News and Insights
Article
|25 November 2019
If you are asked to attend the police station voluntarily, you are normally given notice of this by the police.
You are not entitled to legal aid in advance of an attendance at the police station. You are only entitled to the services of a duty lawyer from the point at which you arrive at the station. The police will make arrangements for the duty lawyer to give you advice over the telephone. Afterwards, depending on your means, you may be entitled to legal aid after charge.
If however you wish to be represented by a lawyer of your choosing, the notice you are given enables you to discuss beforehand what your approach to the interview should be. If you decide to do this in advance of your attendance at the police station, then it will be at your cost. If your lawyer is unable to make the time of the interview at the police station, then the lawyer is usually able to arrange a mutually convenient alternative.

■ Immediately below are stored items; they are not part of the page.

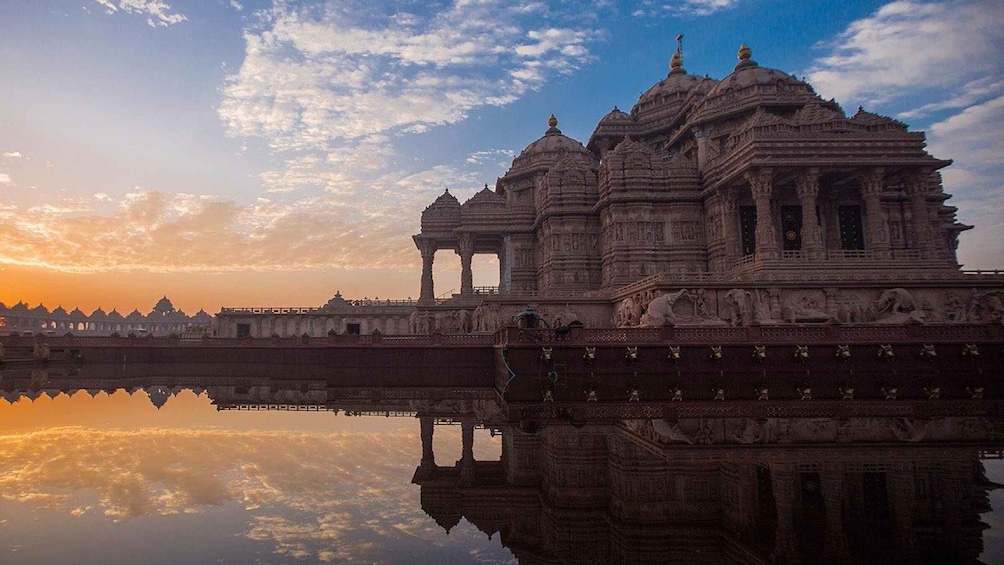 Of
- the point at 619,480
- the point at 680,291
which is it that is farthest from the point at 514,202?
the point at 619,480

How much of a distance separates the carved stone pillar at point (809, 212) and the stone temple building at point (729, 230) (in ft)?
0.23

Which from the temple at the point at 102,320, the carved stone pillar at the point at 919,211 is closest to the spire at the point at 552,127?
the carved stone pillar at the point at 919,211

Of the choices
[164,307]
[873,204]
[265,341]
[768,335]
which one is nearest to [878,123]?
[873,204]

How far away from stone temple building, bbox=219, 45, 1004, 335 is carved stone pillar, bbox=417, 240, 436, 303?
4.7 inches

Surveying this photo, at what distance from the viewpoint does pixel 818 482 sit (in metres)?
8.80

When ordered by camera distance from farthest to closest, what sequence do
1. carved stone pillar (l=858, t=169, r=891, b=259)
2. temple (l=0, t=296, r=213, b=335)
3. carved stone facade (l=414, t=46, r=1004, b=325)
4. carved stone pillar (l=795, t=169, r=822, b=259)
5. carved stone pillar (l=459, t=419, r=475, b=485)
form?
1. temple (l=0, t=296, r=213, b=335)
2. carved stone pillar (l=858, t=169, r=891, b=259)
3. carved stone pillar (l=795, t=169, r=822, b=259)
4. carved stone facade (l=414, t=46, r=1004, b=325)
5. carved stone pillar (l=459, t=419, r=475, b=485)

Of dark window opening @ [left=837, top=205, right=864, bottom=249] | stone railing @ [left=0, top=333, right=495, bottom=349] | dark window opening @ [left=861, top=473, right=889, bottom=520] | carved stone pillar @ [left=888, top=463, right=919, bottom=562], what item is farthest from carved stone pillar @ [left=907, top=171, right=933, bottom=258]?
dark window opening @ [left=861, top=473, right=889, bottom=520]

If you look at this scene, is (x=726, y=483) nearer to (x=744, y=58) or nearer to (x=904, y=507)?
(x=904, y=507)

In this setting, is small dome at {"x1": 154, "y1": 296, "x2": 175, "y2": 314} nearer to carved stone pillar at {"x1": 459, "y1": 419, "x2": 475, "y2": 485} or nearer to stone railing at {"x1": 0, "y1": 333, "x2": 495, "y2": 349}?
stone railing at {"x1": 0, "y1": 333, "x2": 495, "y2": 349}

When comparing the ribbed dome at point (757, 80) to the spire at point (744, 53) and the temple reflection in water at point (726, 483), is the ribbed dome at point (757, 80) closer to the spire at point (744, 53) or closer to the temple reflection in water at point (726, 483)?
the spire at point (744, 53)

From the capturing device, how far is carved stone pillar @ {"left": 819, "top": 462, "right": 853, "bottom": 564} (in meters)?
6.33

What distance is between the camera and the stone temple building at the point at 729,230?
27391 millimetres

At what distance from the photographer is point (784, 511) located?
755cm

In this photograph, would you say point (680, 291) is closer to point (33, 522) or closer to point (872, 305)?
point (872, 305) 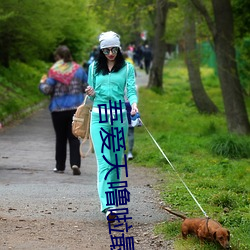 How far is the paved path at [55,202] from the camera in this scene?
22.7 feet

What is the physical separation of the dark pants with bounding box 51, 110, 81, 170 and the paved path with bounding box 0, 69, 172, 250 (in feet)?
0.74

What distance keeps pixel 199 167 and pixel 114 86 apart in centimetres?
477

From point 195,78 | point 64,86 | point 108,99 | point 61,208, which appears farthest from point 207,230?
point 195,78

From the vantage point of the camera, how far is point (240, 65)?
28016 mm

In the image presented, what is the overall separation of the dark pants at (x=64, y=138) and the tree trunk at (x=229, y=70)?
605cm

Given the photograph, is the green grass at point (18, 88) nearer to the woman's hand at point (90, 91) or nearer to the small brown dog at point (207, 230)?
the woman's hand at point (90, 91)

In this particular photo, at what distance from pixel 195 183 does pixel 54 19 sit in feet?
39.8

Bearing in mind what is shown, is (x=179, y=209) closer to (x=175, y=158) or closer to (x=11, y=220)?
(x=11, y=220)

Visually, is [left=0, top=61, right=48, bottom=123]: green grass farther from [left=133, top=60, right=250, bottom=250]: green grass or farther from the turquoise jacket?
the turquoise jacket

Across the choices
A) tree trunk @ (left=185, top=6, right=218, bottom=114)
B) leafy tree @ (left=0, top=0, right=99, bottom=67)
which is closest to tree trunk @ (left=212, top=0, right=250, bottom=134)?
leafy tree @ (left=0, top=0, right=99, bottom=67)

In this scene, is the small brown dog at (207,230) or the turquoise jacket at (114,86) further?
the turquoise jacket at (114,86)

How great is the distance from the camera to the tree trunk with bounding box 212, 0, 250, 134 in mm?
16438

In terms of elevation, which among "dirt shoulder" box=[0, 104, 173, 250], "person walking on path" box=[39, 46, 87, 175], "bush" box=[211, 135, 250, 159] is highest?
"person walking on path" box=[39, 46, 87, 175]

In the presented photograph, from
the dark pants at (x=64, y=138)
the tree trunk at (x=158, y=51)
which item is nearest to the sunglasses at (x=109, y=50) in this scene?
the dark pants at (x=64, y=138) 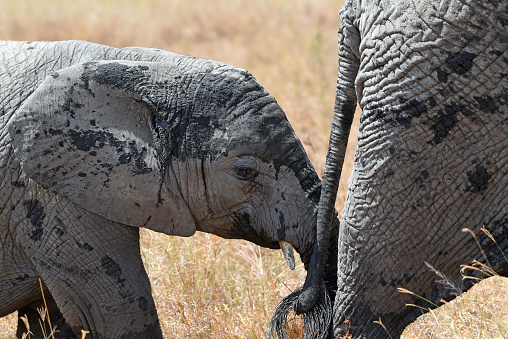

Many people find it useful to meet with their lawyer before the attendance at the police station. The lawyer will obtain pre-interview disclosure and therefore should be in a position to provide you with detail of the allegation against you. How much information they obtain depends on how much the police are willing to give. The lawyer will be able to find out about the allegation from you and explain your rights and together, you will be able to decide on a course of action.
You have the option at interview to answer questions or give “no comment” responses.
Answering “no comment” means that you are reserving your position until you have seen the evidence against you.
In Jersey, if a person exercises his right to give no comment answers at interview, a jury is not entitled to draw a negative inference from that fact at trial. The position is different in England and Wales
This is known as the right to silence, which still exists in Jersey, at least for the time being.
Although this is the general position, it is worth knowing that there are some specific exceptions to this general rule and these are set out in different statutes. In some cases, you are obliged by law to answer questions and in some cases it is a criminal offence not to give information – for example, it is an offence not to give the name of the driver in a road traffic case, on being asked for it by an officer.
Occasionally, a person who attends voluntarily at the police station may be arrested once there, but this rarely happens. Unless someone is under arrest, then they are entitled to leave the police station at any time and this should be made clear.
Interviews are digitally recorded by the police. Normally they are simply audio recorded, but there is the possibility that you will be visually recorded as well. You will be made aware of this at the start of the interview if it happens.
Anything you say to a police officer, even outside of an interview, may be noted down and used in evidence against you. You should be cautioned before this is done, but if you make a comment prior to being cautioned, then the fact that you have not yet been cautioned will not necessarily stop the evidence from being relied on.
If you decide to give no comment responses to an interview, then the police are nevertheless entitled to continue to question you.
As well as being interviewed, you may be asked to provide other evidence. This evidence might come from a number of other sources and the following examples are not intended to be exhaustive. You might be asked to provide documentary or photographic evidence, access to your telephone, passwords, forensic samples.
You are entitled to legal advice about all of these points, not simply about the approach to take in the interview. It is important to consider all this carefully, because decisions you make can have an impact on your case as a whole. For instance, if you elect not to give an intimate sample, then it can, in an appropriate situation be the subject of a negative inference at trial.